EXERCISE REQUIREMENTS:
Transcribe exactly, leaving out pictures, the lines from the one that holds "Cover: Triggerfinger - I Follow Rivers" through the end of the data below, including both end lines and no others.

PROVIDED INFORMATION:
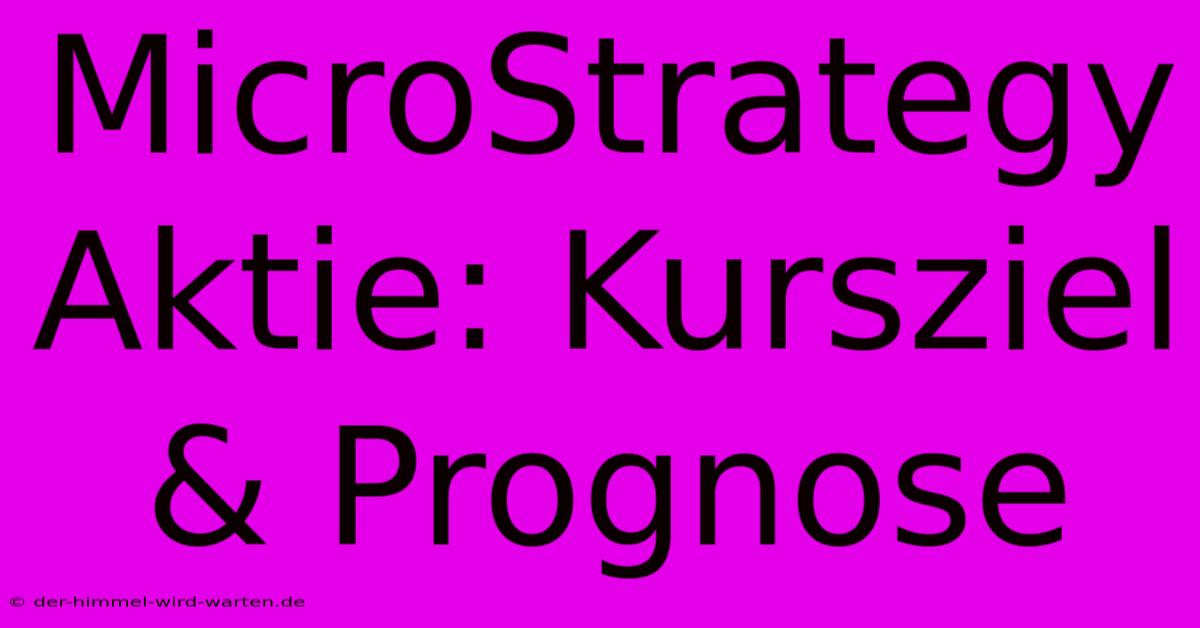 MicroStrategy Aktie: Kursziel & Prognose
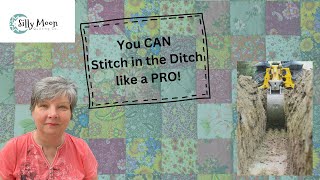 Mastering Stitch in the Ditch - Free Tutorial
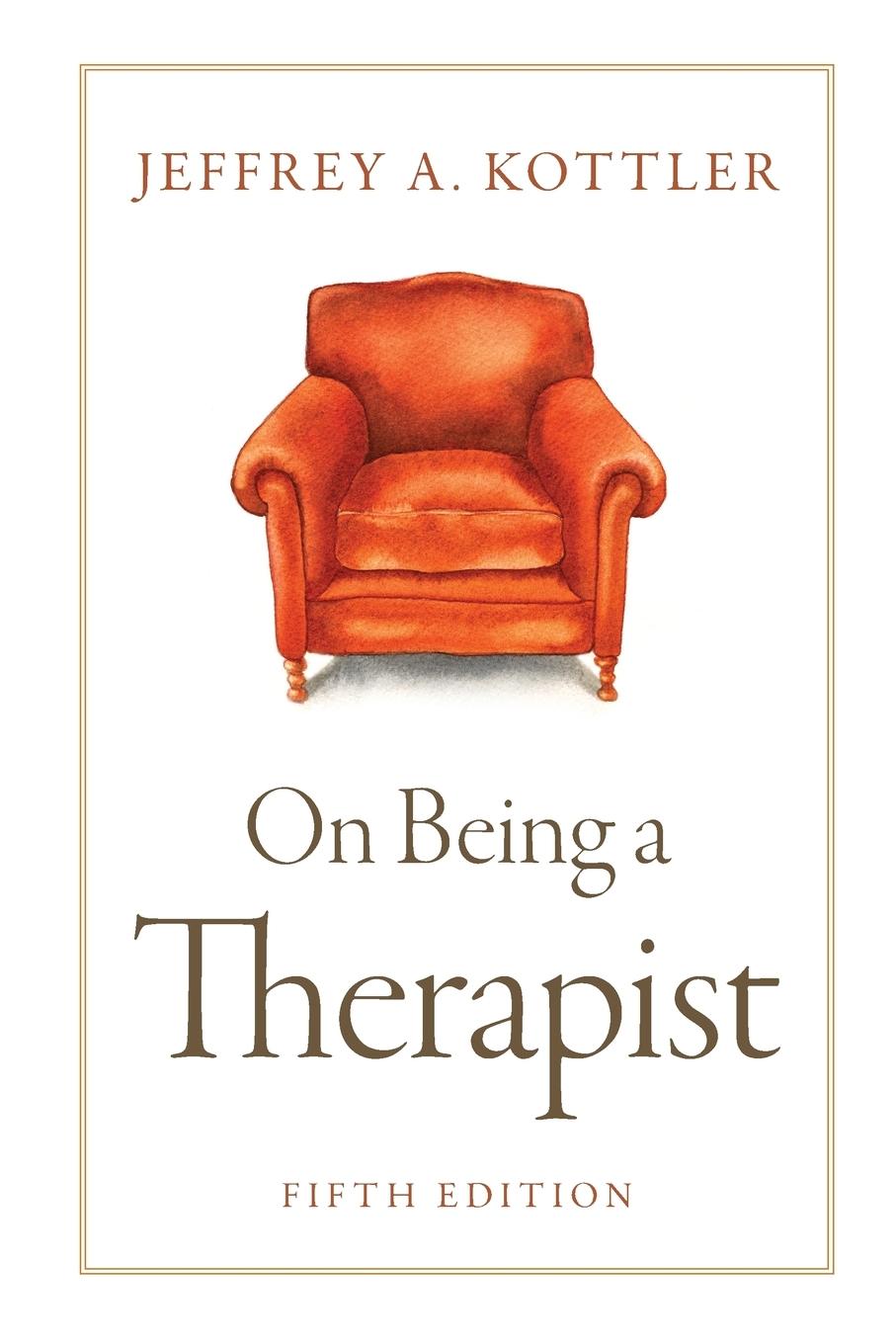 Cover: 9780190641542 | ON BEING A THERAPIST 5E P | Jeffrey A. Kottler | Taschenbuch | 2017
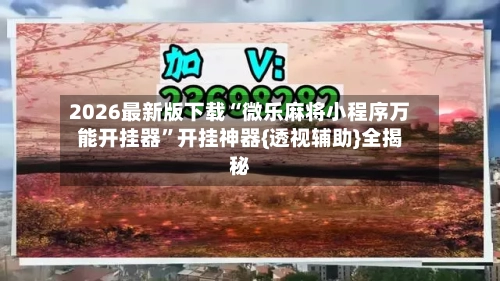 2026最新版下载“微乐麻将小程序万能开挂器	”开挂神器{透视辅助}全揭秘-第2张图片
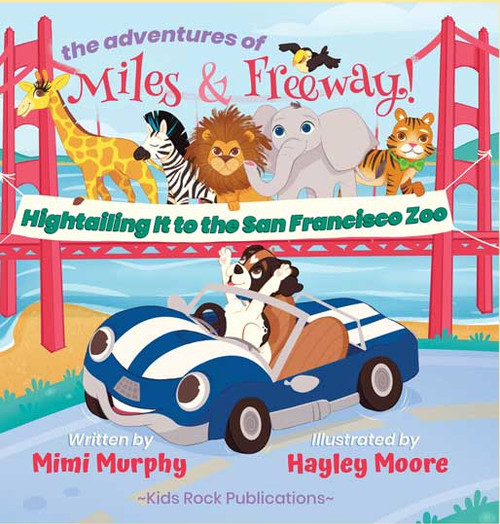 The Adventures of Miles & Freeway!: Hightailing It to the San Francisco Zoo - eBook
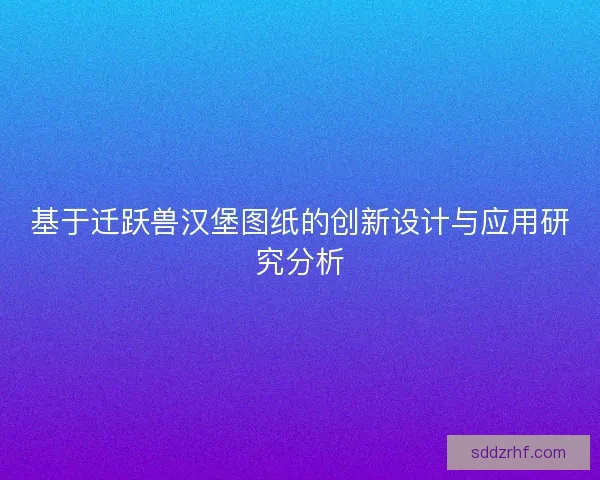 基于迁跃兽汉堡图纸的创新设计与应用研究分析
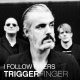 Cover: Triggerfinger - I Follow Rivers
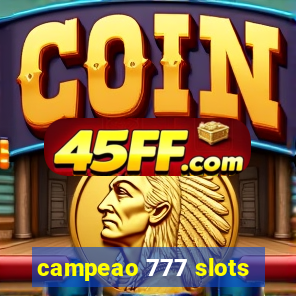 campeao 777 slots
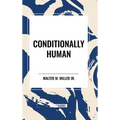 Conditionally Human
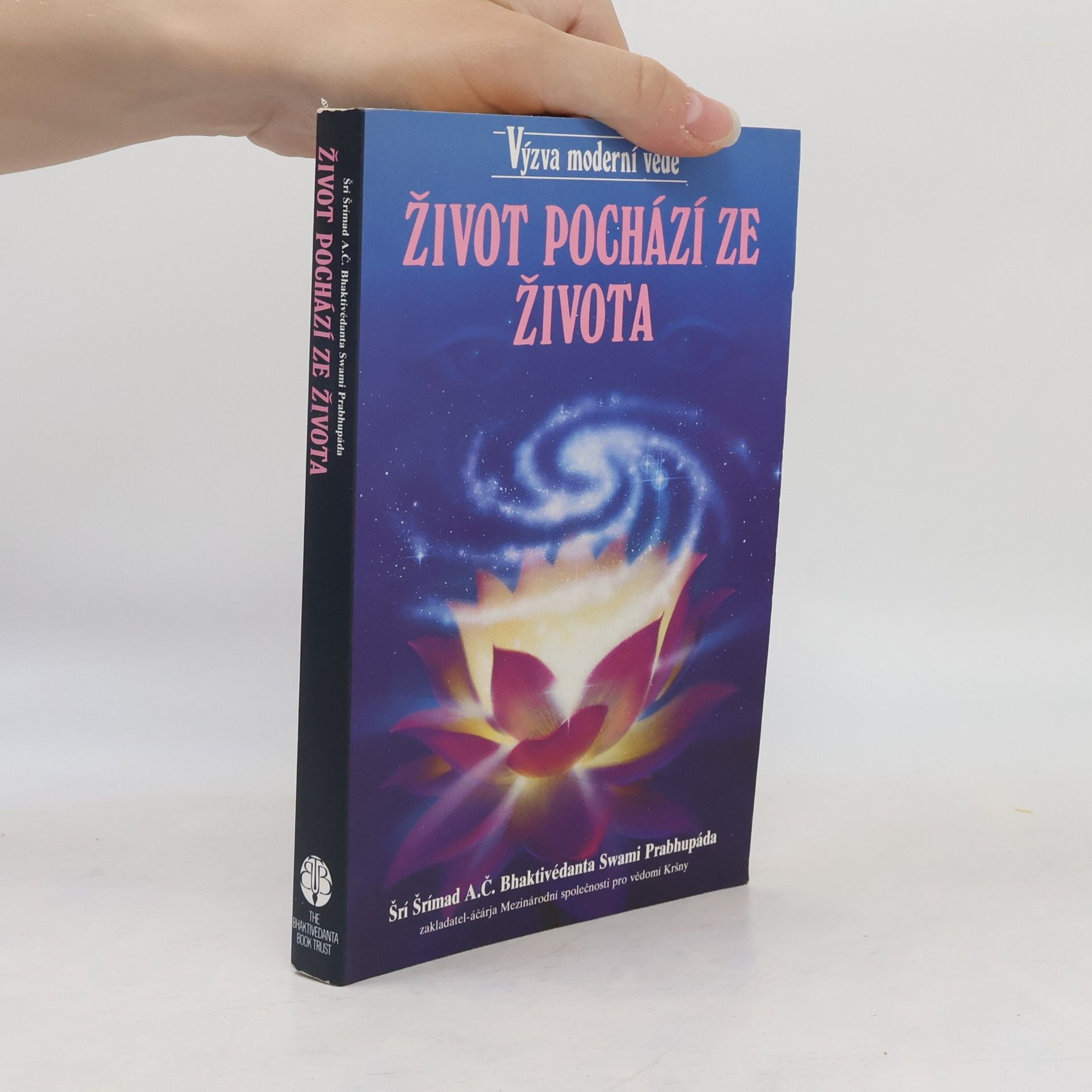 Šrí Šrímad A. Č. Bhaktivédanta Swami Prabhupáda Život pochází ze života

REPLY TO THE TASK:
 Cover: Triggerfinger - I Follow Rivers
 campeao 777 slots
 Conditionally Human
 Šrí Šrímad A. Č. Bhaktivédanta Swami Prabhupáda Život pochází ze života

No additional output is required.